Les délocalisations, ils les subissent et s’en plaignent. "Tout ça, c’est à cause de la mondialisation", accuse Jacques entré en septembre 1968. Alors forcément, DSK n’est pas très populaire: "Je l’appelle Strausskozy. Il n’est pas de gauche, il est en plein dans le système de la mondialisation, il va pas nous ramener de boulot ici", poursuit un autre. "Il est lointain, c’est un énarque déconnecté, il fait partie des princes de la politique en décalage complet", pour Florian, 50 ans, dont trente à l’usine. Seul Patrice Deuve veut croire en lui: "DSK, c’est ce qui correspondrait le plus à la France. C’est un centriste", témoigne celui qui a commencé à la chaîne, il y a trente-neuf ans. En même temps, il ajoute: "Marine Le Pen n’a pas toujours tort sur l’insécurité, l’immigration et tout ce qui s’ensuit mais elle est quand même extrême."
Fabien, visage poupon et dur à la fois, 38 ans, entré chez Renault en 1999, est un pilier de FO. Il s’exprime à titre personnel: "Je suis de gauche, je ne suis pas partisan du FN, écrivez-le. Mais la gauche et la droite, ils font quoi depuis trente ans? Marine Le Pen est maligne. Elle parle d’économie, elle a fait des études, elle n’est pas allée dans les tranchées comme son père. En 2017 ou 2022, il faudra faire attention, le FN sera un parti qui potentiellement prendra les commandes de l’État, même s’il ne résoudra rien."

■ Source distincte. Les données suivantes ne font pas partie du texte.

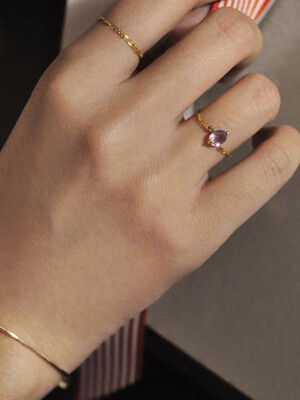 Violet Sapphire by italy chain  Ring (14k)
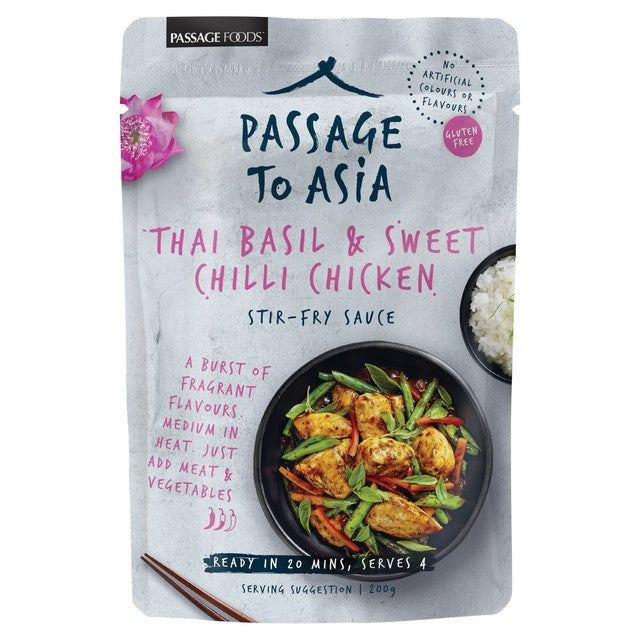 Passage to Asia Thai basil sweet chilli stir fry sauce (British brand)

Sartre ne voulait pas désespérer Billancourt; les politiques, aujourd’hui, désespèrent Sandouville. "Tout augmente, les pâtes, le pain, le riz. Ça devient compliqué même avec quatorze ans de Renault de finir le mois. Beaucoup d’ouvriers ont voté Sarkozy pour le pouvoir d’achat, mais ça n’a jamais été pire", balance Alain, un "rouge" de 43 ans.
Tatouage sur l’épaule qu’on devine sous son blouson, petits anneaux aux deux oreilles, Olivier vote mais n’attend rien de la prochaine présidentielle. "Les politiques, c’est tous les mêmes, tout pour les gros, rien pour les petits. Ils n’en ont rien à branler des jeunes, il n’y a que l’argent, les bénéfices. Que ce soit Pierre, Paul ou Jacques, ils s’en foutent tous." Du haut de ses 28 ans, il a déjà dix ans d’ancienneté chez Renault. Huit ici et deux au Technocentre de Guyancourt, quand il en a eu marre du chômage technique de Sandouville. Olivier était en grève le 6 octobre 2008, lorsque Nicolas Sarkozy s’est rendu à Sandouville. "Je lui en veux de nous avoir balancé ses CRS. Il disait 'la France qui se lève tôt', mais c’est pas lui qui se lève à 5 heures du mat’."
La seule qui trouve grâce aux yeux d’Olivier est Marine Le Pen: "Elle doit être mieux que son père et plus franche que Sarko." Il votera pour elle en 2012: "Ce qu’elle dit sur les ouvriers, ça rejoint ma façon de penser. Son père était plus axé sur les étrangers. Elle, elle fait du social pour tout le monde, Noir, Blanc, beur, tous pareils. Des collègues m’en parlent, je suis sûr qu’ils voteront pour elle.